It doesn’t look like much from the ground – just a platform atop a pole – but we’re hoping our latest osprey nest installation will give protected birds another safe place to call home.

We installed the new osprey nesting platform Wednesday (11/16) on state game lands in Coolbaugh Township, Monroe County. It’s our third such installation this year, with the other two in the Lancaster area. We’ve installed similar structures in past years, as well.

The 50-foot-high platform offers a safe nesting place for osprey. The birds are known for nesting on artificial structures, such as electricity towers, cell phone towers and bridges, located near water where they can feed. Providing a separate nesting place is good for both those structures and the birds.

“For instance, osprey nesting on a transmission tower can affect the reliability of the line or delay reliability improvement projects associated with that line,” said Jeff Luzenski, senior environmental professional. “If we can get the birds to nest on another structure, like our platforms, we can more promptly perform our work and keep reliability strong for our customers.”

We had help getting the platform in place. Local Eagle Scout Garrett Demkovitz built the platform, and the Game Commission helped us identify a good spot to put it.

We also worked with the commission when we placed the Lancaster-area platforms earlier this year, and we continue to work together to identify other suitable locations in our service area.
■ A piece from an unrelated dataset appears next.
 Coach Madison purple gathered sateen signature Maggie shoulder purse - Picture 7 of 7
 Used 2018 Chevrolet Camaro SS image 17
We’ll soon raise another nesting spot at Beltzville Lake in Carbon County, using another platform constructed by Garrett Demkovitz.

Considered eliminated from Pennsylvania in the early 1980s, there now are about 150 active osprey pairs in the state. That’s good news, and we hope our platforms will keep the population rising still higher.

“We seek to be an environmentally responsible company and a supportive member of the community, so a project like this is a natural for us,” Regional Affairs Director Alana Roberts said. “We appreciate the help of Garrett Demkovitz and the Game Commission, and we look forward to continuing to help these birds prosper in our service area.”